Читаем без скачивания Хлыст - Александр Эткинд
Шрифт:
Интервал:
Закладка:
Для равновесия между двумя точками притяжения, не всегда симметричными, понадобились занятия расколом. Кузмин одно время носил старообрядческую бороду, но его обращение вряд ли было религиозным. В сознательной имитации староверчества Кузмин недалек от народников прошлого поколения, которые, как Александр Михайлов, тоже становились иногда неотличимы от старообрядцев. Кузмин вспоминал:
пойдя все глубже в русское, я увлекся расколом и навсегда охладел к официальному православию. Войти в раскол я не хотел, а не входя не мог пользоваться службами и всем аппаратом так, как бы я хотел. […] Я стал изучать крюки, […] старался держаться как начетчик и гордился, когда меня принимали за старовера[1093].
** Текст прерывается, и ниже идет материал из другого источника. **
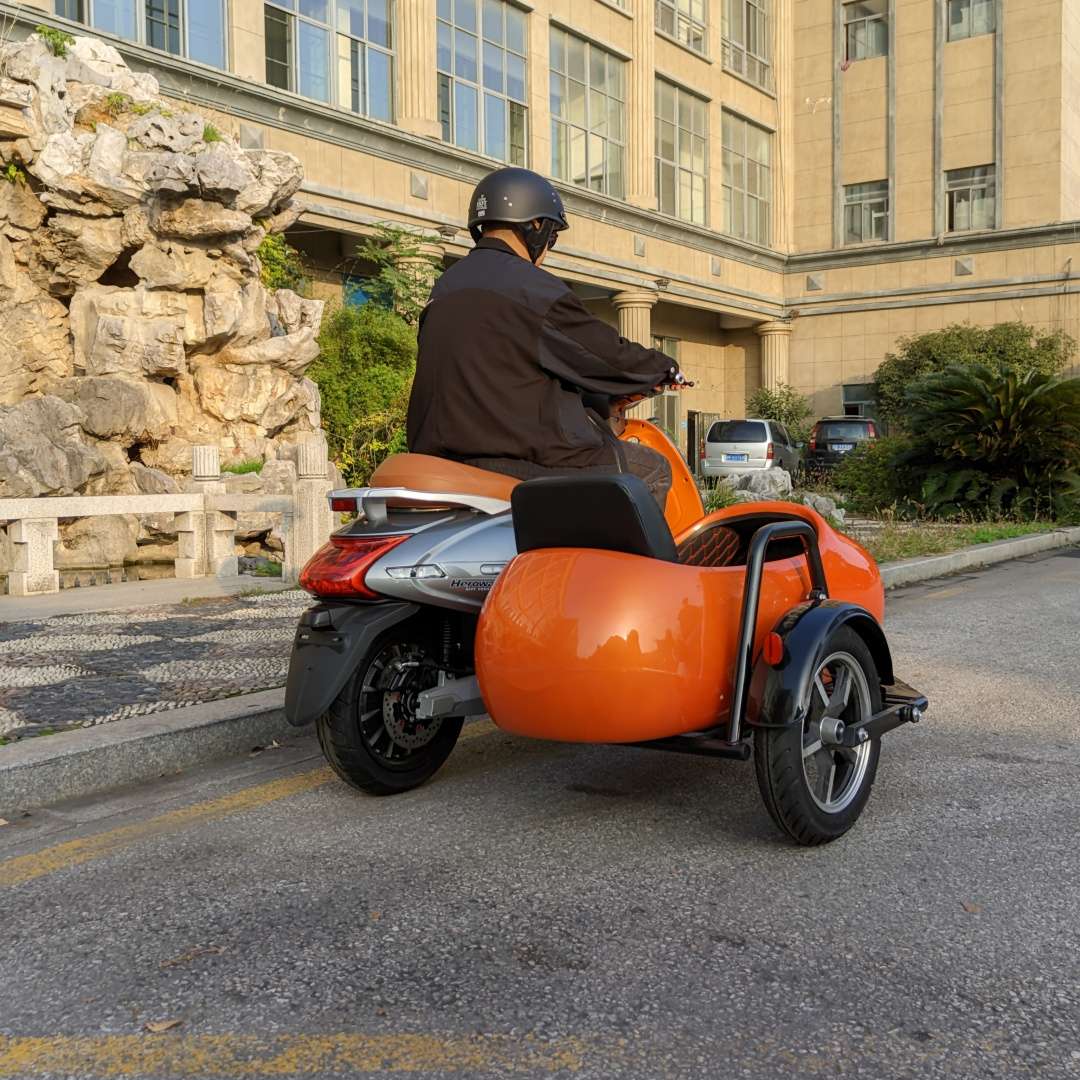 Chinese Manufacturer Cheap 2 Seats 4000W Long Range Electric Scooter Motorcycle with Sidecar for Sale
Несмотря на каникулы в Олонце и Васильсурске, на общение со старообрядцами в провинции и столицах, восприятие «русского» вообще и «раскола» в частности оставалось литературным. «Типы Печерского», — рассуждал Кузмин о встреченных староверах, имея в виду, конечно, роман На горах. Тем не менее, в письме другу его юности Георгию Чичерину, будущему наркому иностранных дел, Кузмин писал уверенно: «Ты чувствуешь пропасть между собою и раскольником, — я между собою и Аничковым (как тип) и не чувствую между собою и начетчиком»[1094]. Евгений Аничков и Чичерин, как эксперты, лишь интересовались мистикой как предметом изучения; Кузмин находился внутри мистической традиции и не принимал внешнего отношения к ней как к предмету ‘научного’ исследования. Однако в сентябре 1905 Кузмин записывает: «При всей легкомысленности и жажде наслаждений у меня какая-то совсем не русская, очень буржуазная потребность порядка, выработанной программы занятий […] Я счастлив, когда это налаживается, т. е. я могу только так быть продуктивным». Эта формула «буржуазной» трудовой этики противопоставляется Кузминым его раскольничьему периоду:
Собственно говоря, спокойнее, счастливее и уютнее всего мне бы мое раскольничье — русскую полосу. И притом это — всего дешевле, имея исходной точкой, что все — грех и нищета. Но […] (к этому) призывает иногда малодушие, давно превзойденное[1095].
Итак, «совсем не русская» идея продуктивности ведет к плану и порядку, а малодушие влечет в «русскую полосу». В ответ на разносную критику Крыльев автор их записывает: «мне бы хотелось плюнуть на все, поселиться в углу и ходить только в церковь»[1096]. Как он позже писал стихами,
И в жизни сладостной и коснойКакой-то тайный есть магнит.
Раскольничья жизнь воспринимается теперь как защитный способ существования, чуждый этических оценок, не требующий труда и потому противопоказанный искусству; как регрессия, слишком глубокая для художника.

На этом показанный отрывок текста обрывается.